Approuvez vous la décision du Président Mahmoud Abbas, Abu Mazen, de soumettre le document à un référendum populaire, sans tenir compte de la position du Hamas et du gouvernement palestinien ?
Barghouti :
Le document est conçu pour amener à la conciliation. Nous l’avons appelé le Document de Conciliation Nationale et on arrive à la conciliation par le dialogue, qui doit être la base sur laquelle adopter le document. Nous pensons que la conférence de dialogue national a eu raison d’ adopter le document. De plus, la décision du Président Abu Mazen d’ adopter et soutenir le document a été très appréciée par les prisonniers dans toutes les prisons, qui ont salué cette position de principe. Nous pensons qu’il reste une bonne chance qu’on arrive à un accord sur le document par le dialogue, ce qui est la priorité de tous.
Certains groupes, y compris le Hamas et le FPLP, disent que tout référendum devrait inclure tous les Palestiniens, même ceux qui sont hors de Palestine. Etes vous d’accord ?
Barghouti :
C’est ce que nous avons toujours demandé. En fait il est mentionné dans une des clauses du document que toutes les décisions cruciales devaient se prendre avec la participation de tout notre peuple, dans la patrie ou en exil.

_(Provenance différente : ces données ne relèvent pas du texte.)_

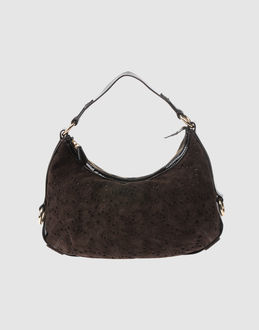 Tosca Blu Large Leather Bags - Item 45142759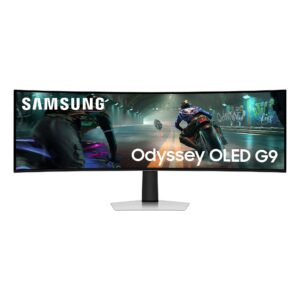 MONITOR OLED 49" S49DG910SU/LS49DG910SUXEN SAMSUNG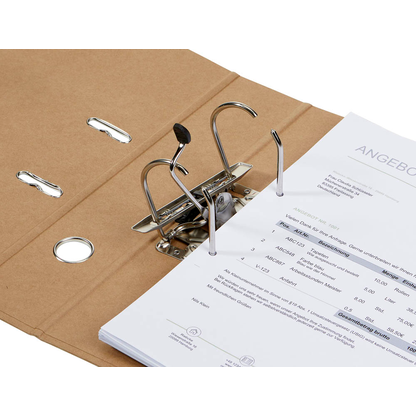 Artikelbild 3 für PAGNA Motivordner Offline 7,5 cm DIN A4, 1 St., Artikelnummer 224947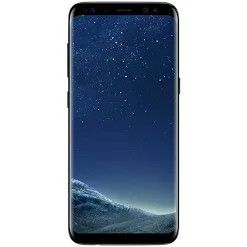 Unlocked Galaxy S8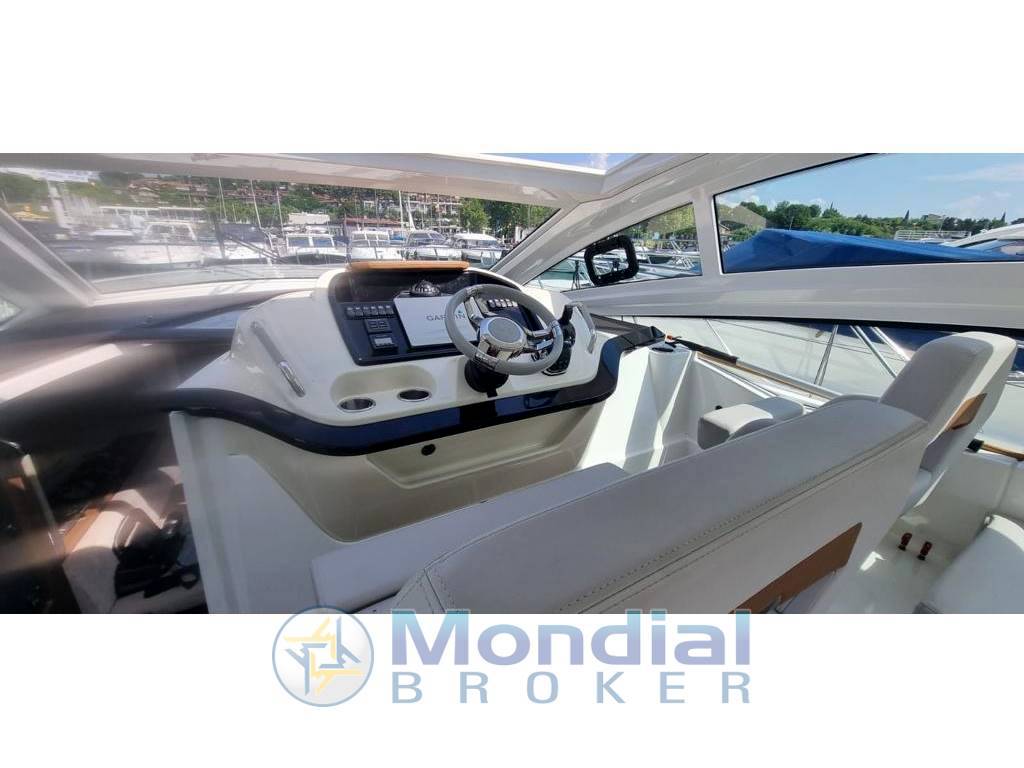 Beneteau Gran turismo 40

Le document devait entraîner la réconciliation nationale mais il semble avoir semé encore plus de discorde. Que pensez -vous de ce développement ? Comment les Palestiniens peuvent-ils éviter de nouvelles divisions ?
Barghouti :
Ce document peut enclencher un processus palestinien unifié. Il peut activer des institutions unifiées, pour protéger l’expérience démocratique et consolider l’état de droit et offrir des solutions à des problèmes stratégiques importants. Le document ouvre la porte à la résolution de problèmes dans les institutions de l’OLP et il permet au Hamas et au Jihad de rejoindre l’OLP sur la base qu’elle est le seul représentant légitime de notre peuple où qu’il soit. Renforcer et restructurer l’OLP est une nécessité nationale. Ce document ouvre aussi la porte à la formation d’un gouvernement d’union nationale.